EXERCISE GOAL ▸ The listing below should be reproduced precisely, except for its images.

::: SOURCE RECORDS :::

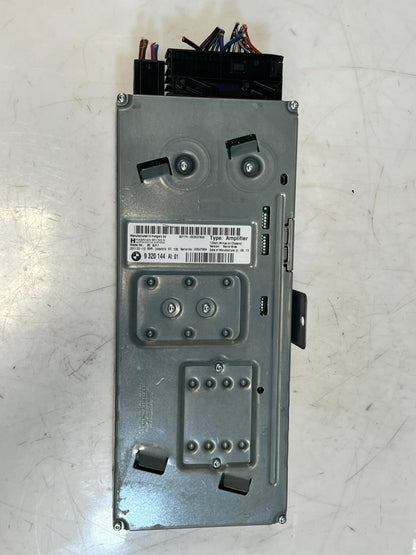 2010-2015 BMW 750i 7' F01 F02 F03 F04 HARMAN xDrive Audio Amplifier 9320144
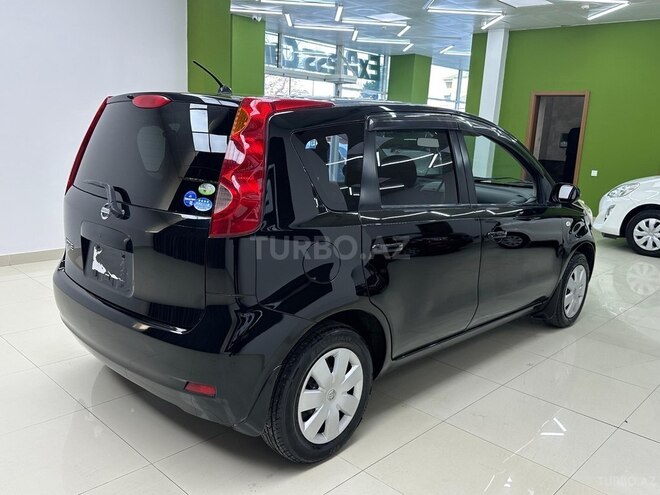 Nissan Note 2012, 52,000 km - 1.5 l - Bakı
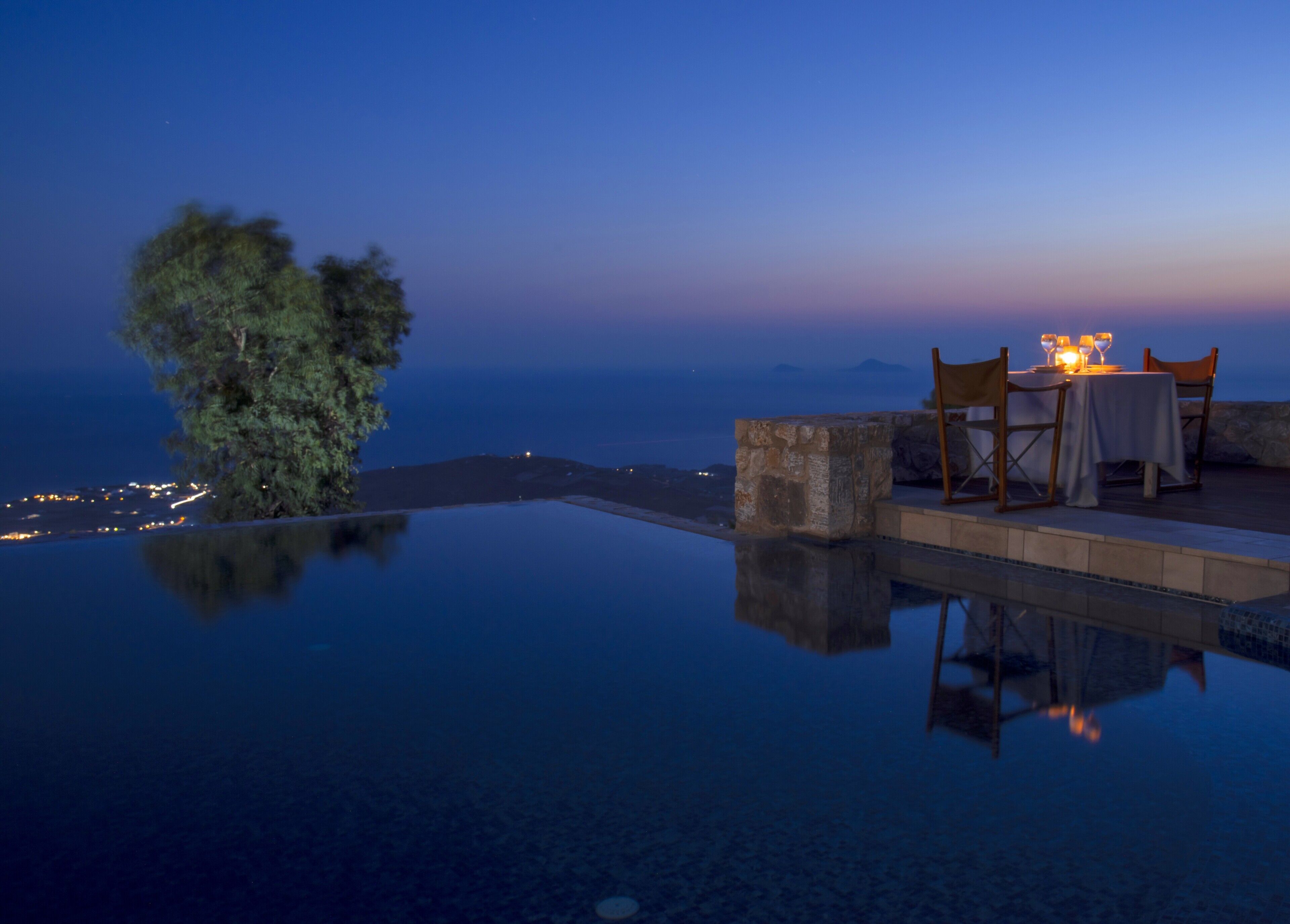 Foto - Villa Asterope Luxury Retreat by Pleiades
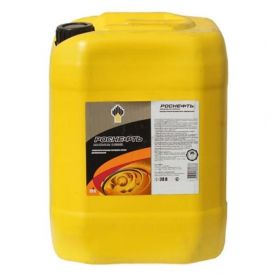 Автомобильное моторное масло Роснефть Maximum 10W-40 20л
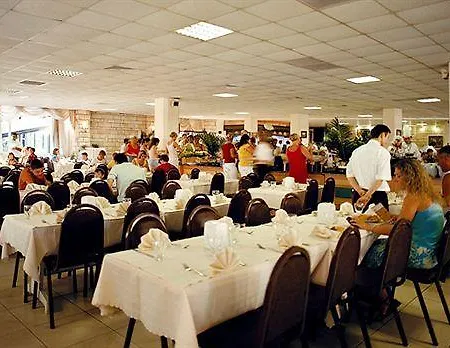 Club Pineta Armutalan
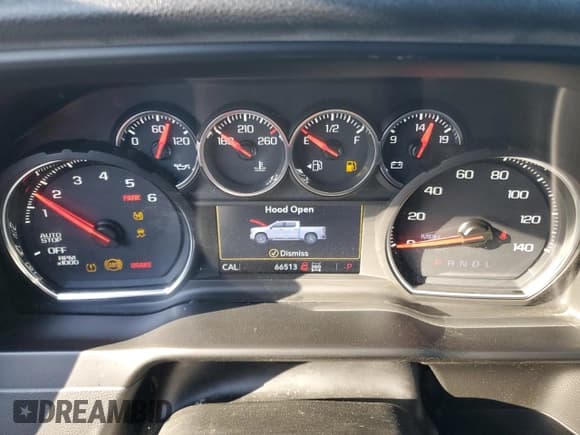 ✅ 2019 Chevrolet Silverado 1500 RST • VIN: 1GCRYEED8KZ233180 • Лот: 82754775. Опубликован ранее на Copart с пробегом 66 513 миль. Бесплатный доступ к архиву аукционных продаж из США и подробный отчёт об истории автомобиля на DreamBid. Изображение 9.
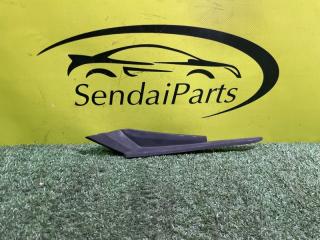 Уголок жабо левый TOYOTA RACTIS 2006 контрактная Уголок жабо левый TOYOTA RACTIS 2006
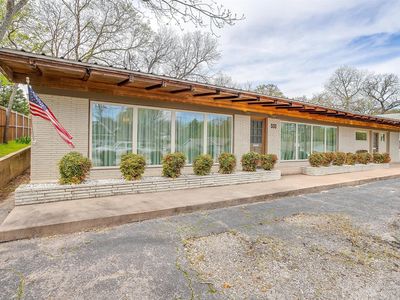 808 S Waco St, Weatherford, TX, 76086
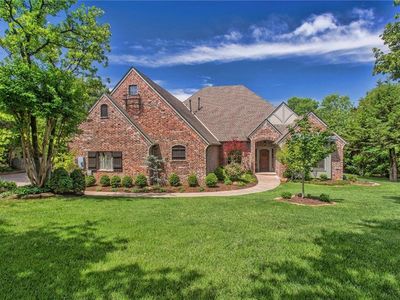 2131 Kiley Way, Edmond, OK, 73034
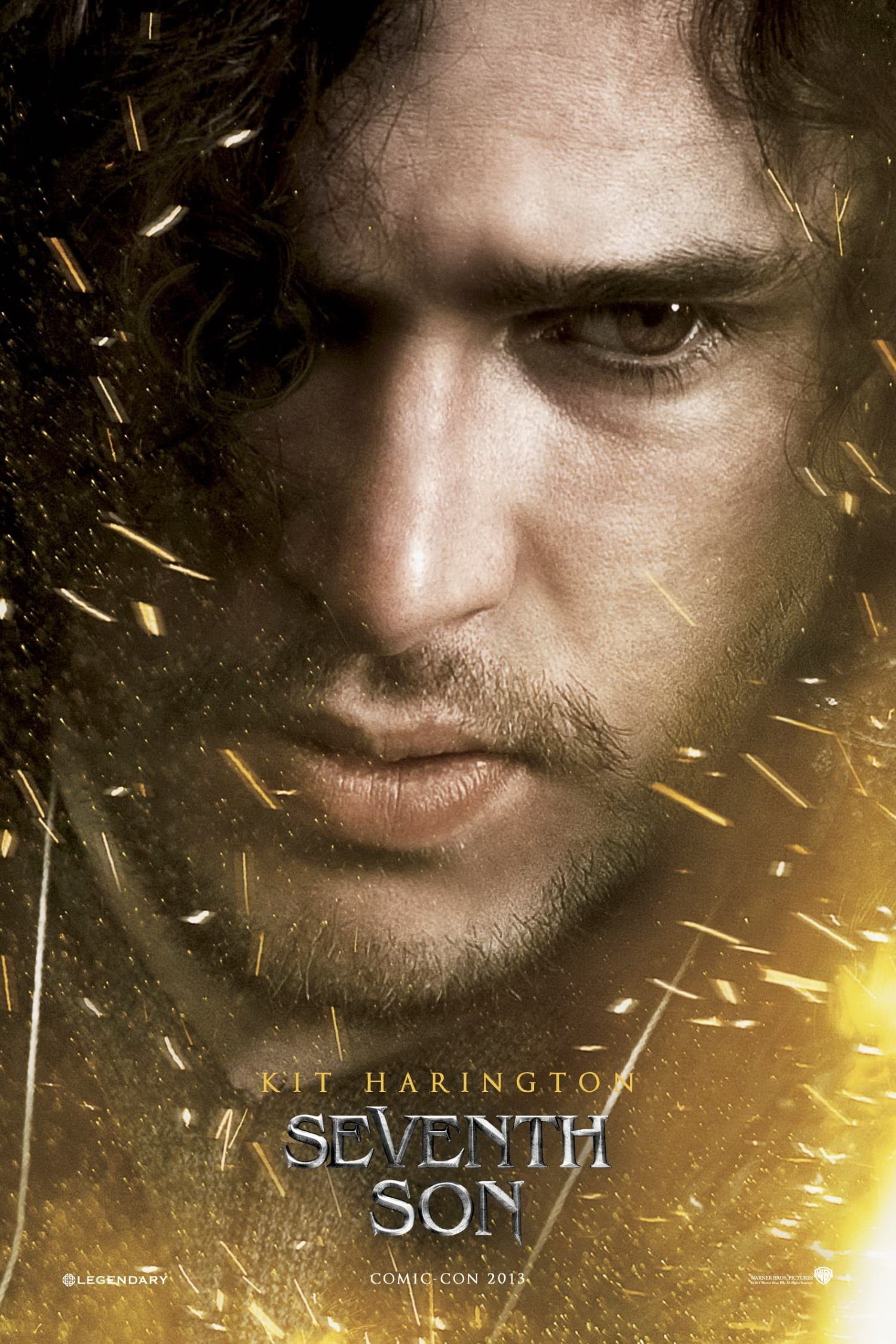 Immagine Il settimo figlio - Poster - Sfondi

:::

EXERCISE OUTPUT ▸
 2010-2015 BMW 750i 7' F01 F02 F03 F04 HARMAN xDrive Audio Amplifier 9320144
 Nissan Note 2012, 52,000 km - 1.5 l - Bakı
 Foto - Villa Asterope Luxury Retreat by Pleiades
 Автомобильное моторное масло Роснефть Maximum 10W-40 20л
 Club Pineta Armutalan
 ✅ 2019 Chevrolet Silverado 1500 RST • VIN: 1GCRYEED8KZ233180 • Лот: 82754775. Опубликован ранее на Copart с пробегом 66 513 миль. Бесплатный доступ к архиву аукционных продаж из США и подробный отчёт об истории автомобиля на DreamBid. Изображение 9.
 Уголок жабо левый TOYOTA RACTIS 2006 контрактная Уголок жабо левый TOYOTA RACTIS 2006
 808 S Waco St, Weatherford, TX, 76086
 2131 Kiley Way, Edmond, OK, 73034
 Immagine Il settimo figlio - Poster - Sfondi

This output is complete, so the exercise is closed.